Pepper-Jackson threw 32 feet and took home first place in shot put, throwing three feet further than the second-place finisher
A West Virginia trans-identified boy athlete won a girl’s shot put event on Thursday in the first competition the athlete was allowed to compete in after an appeals court ruling allowed the teen to participate in women’s sports.
13-year-old Becky Pepper-Jackson competed in the Harris County Middle School Track and Field Championships Thursday, according to the Daily Mail. This came two days after the United States Circuit Court of Appeals ruled that the West Virginia state law banning males in female sports could not be enforced in regard to 13-year-old trans athlete Becky Pepper-Jackson, saying that the law violated the teen’s Title IX rights.
Pepper-Jackson threw 32 feet and took home first place in shot put, throwing three feet further than the second-place finisher. Pepper-Jackson also finished in second place in discus.
At the meet, five middle school female athletes refused to throw against Pepper-Jackson in protest of the inclusion of the trans-identified male. The female athletes were seen entering the throwing circle when their names were called, then exiting the ring without throwing.
"It's a sad day when 13-14yr old girls have to be the adults in the room," former University of Kentucky swimmer Riley Gaines wrote. "But I couldn't be more inspired by and proud of these girls.
"Enough is enough.
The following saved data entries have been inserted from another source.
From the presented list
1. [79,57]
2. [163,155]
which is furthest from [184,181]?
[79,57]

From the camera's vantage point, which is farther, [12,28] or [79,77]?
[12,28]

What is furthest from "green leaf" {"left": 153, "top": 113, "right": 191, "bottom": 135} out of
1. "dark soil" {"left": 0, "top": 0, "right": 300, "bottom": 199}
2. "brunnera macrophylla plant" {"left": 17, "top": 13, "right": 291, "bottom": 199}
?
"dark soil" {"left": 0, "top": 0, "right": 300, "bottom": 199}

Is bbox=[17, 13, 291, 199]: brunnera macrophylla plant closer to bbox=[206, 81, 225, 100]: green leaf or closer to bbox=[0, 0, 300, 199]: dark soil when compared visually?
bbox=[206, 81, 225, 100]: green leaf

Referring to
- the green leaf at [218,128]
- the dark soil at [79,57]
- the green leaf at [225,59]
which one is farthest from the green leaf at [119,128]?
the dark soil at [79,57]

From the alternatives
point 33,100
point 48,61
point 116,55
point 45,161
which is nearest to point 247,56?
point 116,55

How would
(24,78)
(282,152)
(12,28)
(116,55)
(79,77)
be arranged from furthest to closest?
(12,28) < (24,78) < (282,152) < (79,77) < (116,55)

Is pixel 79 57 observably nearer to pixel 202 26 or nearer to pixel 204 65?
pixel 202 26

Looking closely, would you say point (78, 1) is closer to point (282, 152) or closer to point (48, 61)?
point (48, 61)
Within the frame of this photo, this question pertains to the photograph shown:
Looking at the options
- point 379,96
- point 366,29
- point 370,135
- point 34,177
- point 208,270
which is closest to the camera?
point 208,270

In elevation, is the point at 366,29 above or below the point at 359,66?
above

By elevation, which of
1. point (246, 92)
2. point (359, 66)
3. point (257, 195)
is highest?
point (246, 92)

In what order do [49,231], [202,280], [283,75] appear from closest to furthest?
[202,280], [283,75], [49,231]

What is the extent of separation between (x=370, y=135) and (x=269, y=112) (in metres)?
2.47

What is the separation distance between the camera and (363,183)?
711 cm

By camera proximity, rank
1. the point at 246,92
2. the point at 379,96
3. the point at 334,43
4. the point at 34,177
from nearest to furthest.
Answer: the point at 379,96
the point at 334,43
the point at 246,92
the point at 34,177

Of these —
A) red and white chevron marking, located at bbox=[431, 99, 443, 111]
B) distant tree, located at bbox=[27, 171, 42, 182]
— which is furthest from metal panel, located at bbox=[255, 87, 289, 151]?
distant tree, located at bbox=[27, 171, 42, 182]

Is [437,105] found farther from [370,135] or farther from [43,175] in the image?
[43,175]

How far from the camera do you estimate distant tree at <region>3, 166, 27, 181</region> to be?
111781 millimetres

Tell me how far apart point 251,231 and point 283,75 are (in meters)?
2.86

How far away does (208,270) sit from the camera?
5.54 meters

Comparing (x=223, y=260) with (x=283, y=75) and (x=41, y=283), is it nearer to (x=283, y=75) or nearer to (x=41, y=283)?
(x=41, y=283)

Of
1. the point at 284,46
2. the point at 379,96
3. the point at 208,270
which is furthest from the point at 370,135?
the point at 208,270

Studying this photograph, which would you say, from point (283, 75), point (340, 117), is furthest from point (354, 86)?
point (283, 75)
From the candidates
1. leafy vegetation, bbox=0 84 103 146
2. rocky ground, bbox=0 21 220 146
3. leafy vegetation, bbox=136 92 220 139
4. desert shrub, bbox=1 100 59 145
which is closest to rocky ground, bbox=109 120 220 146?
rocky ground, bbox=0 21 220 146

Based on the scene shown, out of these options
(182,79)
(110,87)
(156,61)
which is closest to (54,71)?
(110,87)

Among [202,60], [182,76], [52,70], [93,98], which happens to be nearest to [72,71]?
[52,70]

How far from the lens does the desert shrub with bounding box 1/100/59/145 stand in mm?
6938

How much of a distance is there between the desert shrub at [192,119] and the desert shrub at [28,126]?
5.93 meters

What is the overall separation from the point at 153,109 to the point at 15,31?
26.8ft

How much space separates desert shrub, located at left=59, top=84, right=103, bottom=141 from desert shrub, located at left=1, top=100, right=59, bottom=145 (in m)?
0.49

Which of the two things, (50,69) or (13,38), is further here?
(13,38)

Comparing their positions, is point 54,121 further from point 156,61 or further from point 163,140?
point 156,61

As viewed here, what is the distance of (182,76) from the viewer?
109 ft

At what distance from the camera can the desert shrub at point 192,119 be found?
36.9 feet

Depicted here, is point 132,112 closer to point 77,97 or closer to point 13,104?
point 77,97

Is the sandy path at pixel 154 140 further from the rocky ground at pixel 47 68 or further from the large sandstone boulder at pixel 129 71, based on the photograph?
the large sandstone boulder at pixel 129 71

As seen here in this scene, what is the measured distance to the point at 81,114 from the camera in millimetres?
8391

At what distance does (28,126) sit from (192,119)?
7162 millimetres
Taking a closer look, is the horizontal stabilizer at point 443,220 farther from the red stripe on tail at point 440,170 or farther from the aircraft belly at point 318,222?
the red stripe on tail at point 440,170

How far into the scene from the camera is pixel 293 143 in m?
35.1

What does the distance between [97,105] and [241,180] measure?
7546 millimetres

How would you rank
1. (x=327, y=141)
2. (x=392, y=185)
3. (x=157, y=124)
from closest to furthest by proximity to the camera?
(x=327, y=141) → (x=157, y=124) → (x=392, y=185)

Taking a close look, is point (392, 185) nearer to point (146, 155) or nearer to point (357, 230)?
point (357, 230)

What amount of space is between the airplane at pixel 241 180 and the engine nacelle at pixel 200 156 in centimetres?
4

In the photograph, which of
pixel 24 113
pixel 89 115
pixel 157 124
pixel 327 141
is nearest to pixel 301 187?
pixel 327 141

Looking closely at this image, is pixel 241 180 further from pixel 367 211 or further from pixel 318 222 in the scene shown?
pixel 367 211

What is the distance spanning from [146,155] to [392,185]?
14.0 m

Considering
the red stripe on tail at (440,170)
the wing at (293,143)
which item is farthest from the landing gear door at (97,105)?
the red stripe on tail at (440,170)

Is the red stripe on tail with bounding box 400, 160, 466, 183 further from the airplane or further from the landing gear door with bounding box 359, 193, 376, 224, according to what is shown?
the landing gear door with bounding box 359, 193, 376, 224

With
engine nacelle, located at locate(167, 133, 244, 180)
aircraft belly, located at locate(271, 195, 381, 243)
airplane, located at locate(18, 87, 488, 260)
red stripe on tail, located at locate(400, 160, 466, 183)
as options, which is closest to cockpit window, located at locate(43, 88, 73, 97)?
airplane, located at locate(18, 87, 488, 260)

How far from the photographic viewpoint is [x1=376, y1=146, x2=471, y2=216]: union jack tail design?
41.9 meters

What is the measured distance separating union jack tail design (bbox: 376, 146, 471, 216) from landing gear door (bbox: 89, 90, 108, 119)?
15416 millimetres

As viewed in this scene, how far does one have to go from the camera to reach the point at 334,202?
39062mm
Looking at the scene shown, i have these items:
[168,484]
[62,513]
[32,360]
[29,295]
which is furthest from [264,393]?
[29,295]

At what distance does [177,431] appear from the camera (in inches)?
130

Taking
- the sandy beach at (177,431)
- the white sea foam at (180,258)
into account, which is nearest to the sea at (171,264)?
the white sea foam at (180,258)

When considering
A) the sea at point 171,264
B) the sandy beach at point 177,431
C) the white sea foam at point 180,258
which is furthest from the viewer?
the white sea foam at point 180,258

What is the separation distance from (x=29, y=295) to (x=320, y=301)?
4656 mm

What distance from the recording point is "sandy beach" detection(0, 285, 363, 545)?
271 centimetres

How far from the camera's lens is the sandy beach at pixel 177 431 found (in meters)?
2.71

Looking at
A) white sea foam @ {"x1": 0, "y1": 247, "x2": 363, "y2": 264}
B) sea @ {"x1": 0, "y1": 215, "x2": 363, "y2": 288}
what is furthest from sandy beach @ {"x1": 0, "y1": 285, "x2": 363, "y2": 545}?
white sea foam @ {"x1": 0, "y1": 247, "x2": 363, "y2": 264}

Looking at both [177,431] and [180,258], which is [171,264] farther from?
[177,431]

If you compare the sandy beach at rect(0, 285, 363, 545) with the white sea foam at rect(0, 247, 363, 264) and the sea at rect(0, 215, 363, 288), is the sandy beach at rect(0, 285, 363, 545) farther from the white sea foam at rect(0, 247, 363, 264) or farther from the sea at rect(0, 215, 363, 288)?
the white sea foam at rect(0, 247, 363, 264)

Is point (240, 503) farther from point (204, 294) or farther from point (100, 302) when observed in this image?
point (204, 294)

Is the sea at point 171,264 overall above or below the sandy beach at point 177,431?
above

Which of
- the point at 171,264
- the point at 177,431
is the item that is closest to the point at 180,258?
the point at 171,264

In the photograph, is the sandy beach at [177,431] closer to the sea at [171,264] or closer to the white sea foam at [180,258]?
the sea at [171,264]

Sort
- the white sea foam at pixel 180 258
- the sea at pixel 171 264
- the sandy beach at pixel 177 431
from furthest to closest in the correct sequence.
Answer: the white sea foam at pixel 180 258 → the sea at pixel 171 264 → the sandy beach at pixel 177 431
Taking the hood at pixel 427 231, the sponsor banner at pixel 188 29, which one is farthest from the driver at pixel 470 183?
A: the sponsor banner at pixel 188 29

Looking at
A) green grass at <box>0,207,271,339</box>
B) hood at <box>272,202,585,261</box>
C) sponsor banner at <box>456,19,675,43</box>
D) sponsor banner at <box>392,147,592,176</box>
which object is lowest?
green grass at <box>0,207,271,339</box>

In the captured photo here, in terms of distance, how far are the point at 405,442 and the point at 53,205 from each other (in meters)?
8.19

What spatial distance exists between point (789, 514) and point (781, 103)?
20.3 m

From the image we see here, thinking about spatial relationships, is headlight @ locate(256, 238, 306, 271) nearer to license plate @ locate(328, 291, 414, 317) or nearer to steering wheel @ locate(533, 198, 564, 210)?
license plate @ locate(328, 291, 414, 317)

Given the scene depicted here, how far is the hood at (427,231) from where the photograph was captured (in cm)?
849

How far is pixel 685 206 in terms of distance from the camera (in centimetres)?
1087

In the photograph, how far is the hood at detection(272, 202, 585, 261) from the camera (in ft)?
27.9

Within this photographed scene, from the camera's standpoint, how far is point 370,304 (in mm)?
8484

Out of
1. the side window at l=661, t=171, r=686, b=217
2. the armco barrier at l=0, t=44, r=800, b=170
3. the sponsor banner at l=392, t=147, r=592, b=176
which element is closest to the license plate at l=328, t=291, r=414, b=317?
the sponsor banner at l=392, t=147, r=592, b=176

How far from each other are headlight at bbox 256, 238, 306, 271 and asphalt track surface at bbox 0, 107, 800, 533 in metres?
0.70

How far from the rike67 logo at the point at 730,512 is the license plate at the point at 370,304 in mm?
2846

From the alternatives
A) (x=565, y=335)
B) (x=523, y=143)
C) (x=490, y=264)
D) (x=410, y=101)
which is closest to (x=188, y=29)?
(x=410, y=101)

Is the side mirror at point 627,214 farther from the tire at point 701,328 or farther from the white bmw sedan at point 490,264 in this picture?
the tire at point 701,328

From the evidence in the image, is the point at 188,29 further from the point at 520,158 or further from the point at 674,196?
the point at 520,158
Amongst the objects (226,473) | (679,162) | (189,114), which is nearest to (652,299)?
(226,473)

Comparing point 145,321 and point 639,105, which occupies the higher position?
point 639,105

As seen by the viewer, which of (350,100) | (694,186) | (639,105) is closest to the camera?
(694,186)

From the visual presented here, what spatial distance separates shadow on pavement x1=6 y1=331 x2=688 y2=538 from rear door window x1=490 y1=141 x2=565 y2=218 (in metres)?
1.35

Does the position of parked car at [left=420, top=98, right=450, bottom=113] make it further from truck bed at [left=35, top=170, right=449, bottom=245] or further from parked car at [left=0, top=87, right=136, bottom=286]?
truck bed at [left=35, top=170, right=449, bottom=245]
The tide is turning!" Gaines concluded.
In a Tuesday ruling, Judge Toby Heytens said, "The defendants cannot expect that [this athlete] will countermand her social transition, her medical treatment, and all the work she has done with her schools, teachers, and coaches for nearly half her life by introducing herself to teammates, coaches, and even opponents as a boy."
“The Act’s sole purpose — and its sole effect — is to prevent transgender girls from playing on girls teams,” Heytens wrote in the Tuesday ruling.
"Offering B.P.J. a ‘choice’ between not participating in sports and participating only on boys teams is no real choice at all,” he continued. “The defendants cannot expect that B.P.J. will countermand her social transition, her medical treatment, and all the work she has done with her schools, teachers, and coaches for nearly half her life by introducing herself to teammates, coaches, and even opponents as a boy."
“By participating on boys teams, B.P.J. would be sharing the field with boys who are larger, stronger, and faster than her because of the elevated levels of circulating testosterone she lacks,” he wrote. “The Act thus exposes B.P.J. to the very harms Title IX is meant to prevent by effectively ‘exclud[ing]’ her from ‘participation in’ all non-coed sports entirely.”
As the Daily Mail notes, the ruling does not overturn the entire law, which was signed into law in 2021, "but the law could be in limbo if other transgender student athletes choose to challenge it."